In this paper, we first propose two basic approaches for personalized quality centric service recommendation, one based on the KNN (k-nearest neighbors) technique and the other based on the DSL (dynamic skyline) technique. The KNN approach models the service recommendation problem as a nearest neighbor search problem. Given a system engineer’s quality constraints, it finds a set of k suitable services whose quality values are most similar to the quality constraints. The DSL-based approach models the service recommendation problem as a dynamic skyline query problem. It attempts to find representative services that are not dominated by any other services with respect to system engineer’s quality constraints.

The main contributions of this research are:

1. 1.

   It is the first attempt to model and solve the critical problem of personalized quality centric service recommendation.

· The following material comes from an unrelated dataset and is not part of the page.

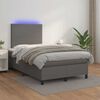 vidaXL &Kappa;&rho;&epsilon;&beta;ά&tau;&iota; Boxspring &mu;&epsilon; &Sigma;&tau;&rho;ώ&mu;&alpha; & LED &Gamma;&kappa;&rho;&iota; 120x190 &epsilon;&kappa;. &Sigma;&upsilon;&nu;&theta;. &Delta;έ&rho;&mu;&alpha;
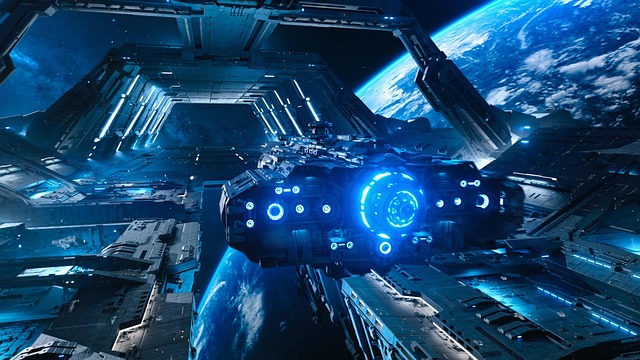 Free ship universe fiction illustration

The resolution of this problem naturally complements the existing quality-aware service selection approaches by recommending appropriate and representative services to system engineers.

2. 2.

   Two basic approaches are proposed for personalized quality centric service recommendation, one finding suitable services while the other finding representative services.

3. 3.

   Two hybrid approaches, KNN-DSL and DSL-KNN, are proposed to overcome the limitations of the two basic approaches.

4. 4.

   Extensive experiments are conducted to evaluate the effectiveness and efficiency of the proposed approaches using a dataset that contains the quality information about 2,507 real-world web services.

The rest of this paper is organized as follows. Section 2 analyzes the research problem. Section 3 describes the basic and the hybrid approaches. Section 4 evaluates the proposed approaches. Section 5 reviews the related work. Section 6 concludes the paper and points out future work.

2 Problem Analysis

This section analyzes the research problem with the travel booking SBS presented in Fig. 1. For each of the four system tasks, i.e., t ₁ , t ₂ , t ₃ and t ₄, there is a set of candidate services that can perform the system task but with potentially different quality values, e.g., response time and failure rate. The system engineer needs to select one service from each set of candidate services for building the SBS, i.e., Phase 2. The selected services must collectively fulfil the quality constraints for the system. This problem is commonly known as NP-complete. As the scenario scales up, it becomes intractable. A promising approach for simplifying this problem is, from each set of candidate services, to identify services that are more likely to fulfil the quality constraints for the system, to recommend to the system engineer for selection, i.e., Phase 1. The search space for the problem can be significantly reduced.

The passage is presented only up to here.